A Santíssima Virgem reúne os Apóstolos depois
que Nosso Senhor expirou no madeiro; agrupa-os, ainda, quando o Salvador parte
para o Céu; Nossa Senhora está junto deles, no Pentecostes, quando vem o
Espírito Santo; Ela acompanha a Igreja nos primeiros passos de sua vida e
depois, ao longo de toda a sua existência, Maria é a suprema protetora da Santa
Igreja Católica Apostólica Romana.
Nossa Senhora esteve sempre presente nas
batalhas que os católicos têm travado no volver da história, em defesa dos mais
valiosos interesses da Fé. Ela se encontra presente nas lutas incessantes de
cada homem contra seus defeitos, de maneira que, noite e dia, enquanto
combatemos nossas imperfeições, nossos vícios e mazelas morais, enquanto nos
esforçamos para adquirir maiores virtudes, ainda que não nos lembremos de Nossa
Senhora, Ela está se lembrando de nós no alto do Céu. E está pedindo por nós,
com uma misericórdia que nenhuma forma de pecado pode esgotar.
Com inteira propriedade, Ela é chamada pela
Igreja de “Porta do Céu”. É por essa porta que todas as orações e súplicas dos homens chegam a Deus; e é também por essa
porta que todas as graças e favores de Deus baixam do alto para os homens. Tudo
vai ao Senhor, e tudo nos vem, por intermédio de nossa Mãe, Rainha e Medianeira Universal, Maria Santíssima.
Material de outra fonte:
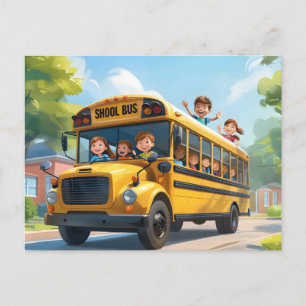 Barnen back to school buss helg vykort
Basta nos voltarmos para Ele, que seremos
atendidos com uma profusão de bondade e de misericórdia inimagináveis. Nossa
Senhora nos atende e nos limpa a alma, nos dá forças para praticarmos a virtude
e nos transforma de pecadores em homens justos. Nunca nos faltará ânimo e vigor
para praticar a Lei de Deus, desde que, cheios de esperança e filial devoção, o
peçamos à Santíssima Virgem. Os que se voltam a Ela, tudo recebem d’Aquela que
tudo pode.
(Extraído da revista “Dr.
Plínio”, nº 43, outubro de 2001)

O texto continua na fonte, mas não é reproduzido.